Assignment: In the records below, find the line holding "Clinictor - FUE" and the line holding "Primera convención Innova". Set down both, with every line between them, exactly.

Material supplied:
┌────────
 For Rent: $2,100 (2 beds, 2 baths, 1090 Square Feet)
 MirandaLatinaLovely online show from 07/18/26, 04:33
└────────
┌────────
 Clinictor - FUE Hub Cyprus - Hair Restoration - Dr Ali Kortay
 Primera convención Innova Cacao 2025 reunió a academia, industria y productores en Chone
└────────
Answer below:
 Clinictor - FUE Hub Cyprus - Hair Restoration - Dr Ali Kortay
 Primera convención Innova Cacao 2025 reunió a academia, industria y productores en Chone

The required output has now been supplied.